The government’s cruelty towards these protesters did not end there. On 20 October 2020, the same day the army killed protesters in Lagos, a Federal High Court judge, Justice Ahmed Mohammed, gave the Central Bank of Nigeria the nod to freeze the bank accounts of 19 people who took part in protests across the country. That evening, NBC also released a statement asking broadcasters to be careful not to report in such a way that would “aggravate the situation or adversely affect those emotionally involved”. Media outlets that covered the protests, such as Arise News, Channels TV, and AIT, were eventually fined for doing so.

Many protesters were also arrested and detained without charge, with some held for years. Nine people from Rivers State were held without charge until 17 February 2021, according to a Cable Newspaper report, while in 2023 Amnesty International reported that at least 15 protesters were still being held in Kirikiri prison in Lagos, many of whom had been tortured. Twenty-two protesters were only released in October 2024 – four years after the unrest. Notable figures such as Modupe Odele, a lawyer who provided legal support for protesters, also faced intimidation and even detention by members of the Nigerian Immigration Service when they tried to leave the country.

The problem with setting these precedents is how difficult they are to reverse. Buhari’s successor, President Tinubu, followed his playbook on minimal media engagement during the 2023 election campaign, eschewing media chats and debates that could have offered scrutiny. Tinubu also amended the Cybercrimes Act of 2015 in 2024, not to address the problems of the original bill, but to allow a new levy to take effect. Intimidation of journalists is now so commonplace that it is barely commented on.

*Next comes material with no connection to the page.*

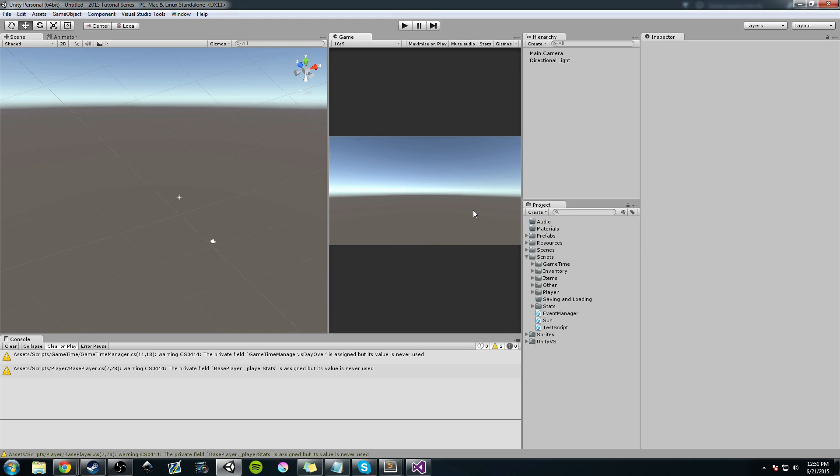Hey guys, Hardly Brief Dan here with another episode of the Unity Make an RPG series. In this video, we're going to be working on the ability system. The last video was a short introduction on what we're going to be doing over the next several videos. Today we're going to start working on that — we're going to work on the base ability class. So let's jump right into it.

With the next general election taking place in two years, much of the political conversation in Nigeria has already turned to the wrangling over party affiliations and calculations over who will win what state. But regardless of who wins, the rule of law and institutions that give citizens a fighting chance are all the protection that citizens can have in a democracy – and that is what Buhari has done: stripped each layer of protection, one by one.

This is how we must remember him.

*Editor's Note: Muhammadu Buhari died 13 July 2025 in a London hospital. He was 82. During his eight-year tenure, he spent 230 days abroad in London receiving medical care. Yet, his government underfunded Nigeria's healthcare sector, allocating only 4.6% of its national budget to healthcare, well under 15% recommended by the African Union.

Saratu Abiola is a writer and a project manager based in Abuja.